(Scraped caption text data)
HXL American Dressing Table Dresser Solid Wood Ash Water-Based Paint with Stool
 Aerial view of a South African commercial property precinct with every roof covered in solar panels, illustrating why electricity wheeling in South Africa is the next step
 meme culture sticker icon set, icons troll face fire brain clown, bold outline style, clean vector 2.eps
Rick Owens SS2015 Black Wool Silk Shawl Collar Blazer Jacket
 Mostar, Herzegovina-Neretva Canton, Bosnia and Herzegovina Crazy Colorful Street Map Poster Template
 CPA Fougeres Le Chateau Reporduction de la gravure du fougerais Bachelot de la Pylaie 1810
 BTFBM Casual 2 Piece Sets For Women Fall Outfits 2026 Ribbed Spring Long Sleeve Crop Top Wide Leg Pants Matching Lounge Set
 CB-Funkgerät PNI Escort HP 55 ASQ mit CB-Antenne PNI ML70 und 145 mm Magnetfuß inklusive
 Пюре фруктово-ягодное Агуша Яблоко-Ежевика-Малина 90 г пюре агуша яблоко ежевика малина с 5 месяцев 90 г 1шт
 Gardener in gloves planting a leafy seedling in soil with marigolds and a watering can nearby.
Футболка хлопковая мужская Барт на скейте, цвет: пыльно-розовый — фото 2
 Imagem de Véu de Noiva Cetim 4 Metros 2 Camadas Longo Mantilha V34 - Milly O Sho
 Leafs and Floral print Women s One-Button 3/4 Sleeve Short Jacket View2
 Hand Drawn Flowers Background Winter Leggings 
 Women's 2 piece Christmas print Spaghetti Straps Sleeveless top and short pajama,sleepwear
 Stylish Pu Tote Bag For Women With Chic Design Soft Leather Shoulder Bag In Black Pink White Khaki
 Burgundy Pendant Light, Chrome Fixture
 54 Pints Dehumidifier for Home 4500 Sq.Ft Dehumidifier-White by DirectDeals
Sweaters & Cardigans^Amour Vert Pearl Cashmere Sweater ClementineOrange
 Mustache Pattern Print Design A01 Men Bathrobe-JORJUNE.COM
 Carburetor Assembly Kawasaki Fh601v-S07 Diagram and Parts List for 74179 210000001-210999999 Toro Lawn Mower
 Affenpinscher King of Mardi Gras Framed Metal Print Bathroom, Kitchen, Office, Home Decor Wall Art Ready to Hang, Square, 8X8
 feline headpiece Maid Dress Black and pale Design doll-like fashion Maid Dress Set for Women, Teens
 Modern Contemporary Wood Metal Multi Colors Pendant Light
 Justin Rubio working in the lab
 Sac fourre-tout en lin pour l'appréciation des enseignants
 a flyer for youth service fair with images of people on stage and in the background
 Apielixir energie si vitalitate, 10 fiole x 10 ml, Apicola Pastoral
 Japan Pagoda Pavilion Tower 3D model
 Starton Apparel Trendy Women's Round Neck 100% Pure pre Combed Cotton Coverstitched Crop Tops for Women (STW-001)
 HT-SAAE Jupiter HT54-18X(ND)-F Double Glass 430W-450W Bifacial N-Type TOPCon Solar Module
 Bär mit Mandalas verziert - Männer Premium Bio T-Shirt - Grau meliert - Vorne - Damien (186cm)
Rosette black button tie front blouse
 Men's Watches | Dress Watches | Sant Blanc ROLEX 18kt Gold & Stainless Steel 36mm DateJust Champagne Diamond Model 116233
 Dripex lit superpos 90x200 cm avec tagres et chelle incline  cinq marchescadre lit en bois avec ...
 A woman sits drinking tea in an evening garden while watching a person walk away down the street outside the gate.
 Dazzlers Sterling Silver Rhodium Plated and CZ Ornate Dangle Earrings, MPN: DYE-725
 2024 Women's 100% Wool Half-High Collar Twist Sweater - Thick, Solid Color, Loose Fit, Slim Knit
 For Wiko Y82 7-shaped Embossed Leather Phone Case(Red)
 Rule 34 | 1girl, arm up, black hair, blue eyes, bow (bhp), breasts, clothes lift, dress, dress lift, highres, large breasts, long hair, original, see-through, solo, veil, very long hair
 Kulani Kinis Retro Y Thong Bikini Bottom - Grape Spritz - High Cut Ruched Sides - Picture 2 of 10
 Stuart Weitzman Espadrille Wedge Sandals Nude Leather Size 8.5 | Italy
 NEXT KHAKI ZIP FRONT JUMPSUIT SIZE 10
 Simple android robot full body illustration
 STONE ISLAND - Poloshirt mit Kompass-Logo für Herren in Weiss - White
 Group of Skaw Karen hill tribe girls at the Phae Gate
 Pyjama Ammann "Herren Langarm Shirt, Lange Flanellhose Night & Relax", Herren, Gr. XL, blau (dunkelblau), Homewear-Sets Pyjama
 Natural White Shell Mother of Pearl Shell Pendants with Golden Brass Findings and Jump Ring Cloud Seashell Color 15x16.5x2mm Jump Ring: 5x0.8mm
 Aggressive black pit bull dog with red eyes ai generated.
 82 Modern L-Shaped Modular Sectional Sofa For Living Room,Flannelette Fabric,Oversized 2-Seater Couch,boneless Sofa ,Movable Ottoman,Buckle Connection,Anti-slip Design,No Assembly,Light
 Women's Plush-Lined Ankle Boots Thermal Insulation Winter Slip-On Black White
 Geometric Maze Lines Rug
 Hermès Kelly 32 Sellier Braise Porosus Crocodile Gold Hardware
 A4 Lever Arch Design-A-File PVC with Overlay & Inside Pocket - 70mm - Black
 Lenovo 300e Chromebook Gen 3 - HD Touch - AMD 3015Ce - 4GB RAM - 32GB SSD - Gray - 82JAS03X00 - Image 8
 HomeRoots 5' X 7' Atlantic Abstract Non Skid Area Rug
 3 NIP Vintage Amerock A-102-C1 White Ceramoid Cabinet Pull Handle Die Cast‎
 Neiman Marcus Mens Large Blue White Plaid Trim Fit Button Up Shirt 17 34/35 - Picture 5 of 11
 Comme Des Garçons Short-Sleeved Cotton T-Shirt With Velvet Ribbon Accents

▶ _Task goal_:
Could you retype every line of the data exactly?

▶ _Answer box_:
HXL American Dressing Table Dresser Solid Wood Ash Water-Based Paint with Stool
 Aerial view of a South African commercial property precinct with every roof covered in solar panels, illustrating why electricity wheeling in South Africa is the next step
 meme culture sticker icon set, icons troll face fire brain clown, bold outline style, clean vector 2.eps
Rick Owens SS2015 Black Wool Silk Shawl Collar Blazer Jacket
 Mostar, Herzegovina-Neretva Canton, Bosnia and Herzegovina Crazy Colorful Street Map Poster Template
 CPA Fougeres Le Chateau Reporduction de la gravure du fougerais Bachelot de la Pylaie 1810
 BTFBM Casual 2 Piece Sets For Women Fall Outfits 2026 Ribbed Spring Long Sleeve Crop Top Wide Leg Pants Matching Lounge Set
 CB-Funkgerät PNI Escort HP 55 ASQ mit CB-Antenne PNI ML70 und 145 mm Magnetfuß inklusive
 Пюре фруктово-ягодное Агуша Яблоко-Ежевика-Малина 90 г пюре агуша яблоко ежевика малина с 5 месяцев 90 г 1шт
 Gardener in gloves planting a leafy seedling in soil with marigolds and a watering can nearby.
Футболка хлопковая мужская Барт на скейте, цвет: пыльно-розовый — фото 2
 Imagem de Véu de Noiva Cetim 4 Metros 2 Camadas Longo Mantilha V34 - Milly O Sho
 Leafs and Floral print Women s One-Button 3/4 Sleeve Short Jacket View2
 Hand Drawn Flowers Background Winter Leggings 
 Women's 2 piece Christmas print Spaghetti Straps Sleeveless top and short pajama,sleepwear
 Stylish Pu Tote Bag For Women With Chic Design Soft Leather Shoulder Bag In Black Pink White Khaki
 Burgundy Pendant Light, Chrome Fixture
 54 Pints Dehumidifier for Home 4500 Sq.Ft Dehumidifier-White by DirectDeals
Sweaters & Cardigans^Amour Vert Pearl Cashmere Sweater ClementineOrange
 Mustache Pattern Print Design A01 Men Bathrobe-JORJUNE.COM
 Carburetor Assembly Kawasaki Fh601v-S07 Diagram and Parts List for 74179 210000001-210999999 Toro Lawn Mower
 Affenpinscher King of Mardi Gras Framed Metal Print Bathroom, Kitchen, Office, Home Decor Wall Art Ready to Hang, Square, 8X8
 feline headpiece Maid Dress Black and pale Design doll-like fashion Maid Dress Set for Women, Teens
 Modern Contemporary Wood Metal Multi Colors Pendant Light
 Justin Rubio working in the lab
 Sac fourre-tout en lin pour l'appréciation des enseignants
 a flyer for youth service fair with images of people on stage and in the background
 Apielixir energie si vitalitate, 10 fiole x 10 ml, Apicola Pastoral
 Japan Pagoda Pavilion Tower 3D model
 Starton Apparel Trendy Women's Round Neck 100% Pure pre Combed Cotton Coverstitched Crop Tops for Women (STW-001)
 HT-SAAE Jupiter HT54-18X(ND)-F Double Glass 430W-450W Bifacial N-Type TOPCon Solar Module
 Bär mit Mandalas verziert - Männer Premium Bio T-Shirt - Grau meliert - Vorne - Damien (186cm)
Rosette black button tie front blouse
 Men's Watches | Dress Watches | Sant Blanc ROLEX 18kt Gold & Stainless Steel 36mm DateJust Champagne Diamond Model 116233
 Dripex lit superpos 90x200 cm avec tagres et chelle incline  cinq marchescadre lit en bois avec ...
 A woman sits drinking tea in an evening garden while watching a person walk away down the street outside the gate.
 Dazzlers Sterling Silver Rhodium Plated and CZ Ornate Dangle Earrings, MPN: DYE-725
 2024 Women's 100% Wool Half-High Collar Twist Sweater - Thick, Solid Color, Loose Fit, Slim Knit
 For Wiko Y82 7-shaped Embossed Leather Phone Case(Red)
 Rule 34 | 1girl, arm up, black hair, blue eyes, bow (bhp), breasts, clothes lift, dress, dress lift, highres, large breasts, long hair, original, see-through, solo, veil, very long hair
 Kulani Kinis Retro Y Thong Bikini Bottom - Grape Spritz - High Cut Ruched Sides - Picture 2 of 10
 Stuart Weitzman Espadrille Wedge Sandals Nude Leather Size 8.5 | Italy
 NEXT KHAKI ZIP FRONT JUMPSUIT SIZE 10
 Simple android robot full body illustration
 STONE ISLAND - Poloshirt mit Kompass-Logo für Herren in Weiss - White
 Group of Skaw Karen hill tribe girls at the Phae Gate
 Pyjama Ammann "Herren Langarm Shirt, Lange Flanellhose Night & Relax", Herren, Gr. XL, blau (dunkelblau), Homewear-Sets Pyjama
 Natural White Shell Mother of Pearl Shell Pendants with Golden Brass Findings and Jump Ring Cloud Seashell Color 15x16.5x2mm Jump Ring: 5x0.8mm
 Aggressive black pit bull dog with red eyes ai generated.
 82 Modern L-Shaped Modular Sectional Sofa For Living Room,Flannelette Fabric,Oversized 2-Seater Couch,boneless Sofa ,Movable Ottoman,Buckle Connection,Anti-slip Design,No Assembly,Light
 Women's Plush-Lined Ankle Boots Thermal Insulation Winter Slip-On Black White
 Geometric Maze Lines Rug
 Hermès Kelly 32 Sellier Braise Porosus Crocodile Gold Hardware
 A4 Lever Arch Design-A-File PVC with Overlay & Inside Pocket - 70mm - Black
 Lenovo 300e Chromebook Gen 3 - HD Touch - AMD 3015Ce - 4GB RAM - 32GB SSD - Gray - 82JAS03X00 - Image 8
 HomeRoots 5' X 7' Atlantic Abstract Non Skid Area Rug
 3 NIP Vintage Amerock A-102-C1 White Ceramoid Cabinet Pull Handle Die Cast‎
 Neiman Marcus Mens Large Blue White Plaid Trim Fit Button Up Shirt 17 34/35 - Picture 5 of 11
 Comme Des Garçons Short-Sleeved Cotton T-Shirt With Velvet Ribbon Accents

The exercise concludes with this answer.